Tenekecilerden bu memleket çok çekti. Ülkenin başına bir felaket geldiğinde teneke çalanları kastediyorum. Vatanın bağrına bölücüsü (PKK), ılımlı İslamcısı (FETÖ), mezhepçisi (DHKP-C)hançerini dayadığı bir vasatta teneke çalmak en hafif tabirle aymazlıktır.

Teneke çalmak deyimi halk izanında birinin zor gününden muştu duymak anlamındadır. Etrafımıza şöyle alıcı bir gözle baktığımızda ne kadar da çok insan teneke çalmaya devam ediyor.

Doğu ve Güneydoğu'da vatan evlatları toprağa bir gül misali canını kondurduğunda başka kızgınlıkların tesiriyle teneke çalanları açık düşmanlardan daha haysiyetsiz daha alçak daha şerefsiz buluyorum.

Neymiş, bütün bu olanların müsebbibi onlarmış da o nedenle teneke çalıyorlarmış. Benim ilk gençlik çağımda Kıbrıs Barış Harekatı yapıldı. Komşularımızın evinde radyo olmadığından ajans(haber) dinlemek için bizim eve gelen insanlar hiçbir ayrımcılık hissetmeden Türk askerinin muzaffer olması için dua ederdiler.

Oysaki iktidarda CHP-MSP koalisyon hükümeti vardı. AP ve Güven Partisi gibi bazı partiler muhalefetteydi. Muhalefette olanlar 'ülkeyi bunlar savaş koşullarına soktu' diyerek Kıbrıs Barış Harekâtı’na karşı teneke çalmadılar. Siyasetin bütün yelpazeleri ordumuzun muzaffer olması için tek yürek niyazdaydılar.

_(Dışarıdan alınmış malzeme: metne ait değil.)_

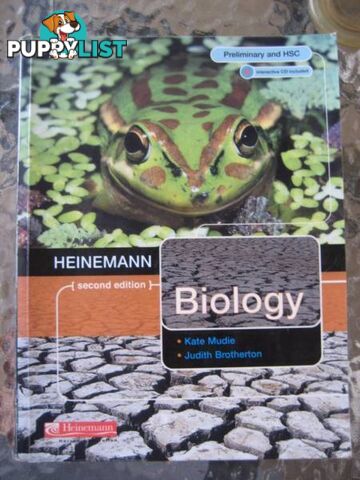 Preliminary and HSC Biology second edition - HEINEMANN With CD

Peki bugün bu tenekeciler nereden çıktı?

Bunlar milli ordunun dün Cerablus'ta bugün Afrin'de bütün emperyalist emellere set çekmesine bile çeşitli kulpler takarak teneke çalıyorlar.

Etrafınıza iyi bakın, söylemlerin ardındaki gerçeği deşifre ettiğinizde bu tenekecileri yakinen tanıyacaksınız.

Teneke çalanların siyasi yelpazesine baktığımızda her çeşniden adamların olduğunu da göreceksiniz. Zihniyetinde kişi nefreti ile ülke menfaati arasındaki balansı kontrel edecek olgunluk ve yetkinlikte bir türlü olamayanlar, hangi anlayışın borazanı olurlarsa olsunlar ortak tavır olarak tenekeci olabiliyorlar.

Bütün tenekecilere ve açık bölücü olanlara inat bu millet, prangalarını parçalayıp ebediyen söylenen bir kelam gibi asla bölünmeyeceğiz diyebilecektir. Demekle de kalmayıp Türk milletinin menfaatine hangi netice lazımsa onu da tecelli ettirecektir.

Yeter ki biz tenekecilerin gürültüsünden yılıp pes etmeyelim. Onlar rahmetli Attila İlhan'ın memleketteki hain kotası ile ilgili değerlendirmesinin adresindedirler. Bizim o adreste işimiz olmaz. Gerçek vatanseverler günlük arzuların kumpasına düşüp büyük resmi iyi görmek durumundadırlar.

Bilge Kağan'ın bin dört yüz sene öteden gelen "Ey Türk titre ve kendine dön" çığlığının idrakine hepimiz varmışızdır umarım.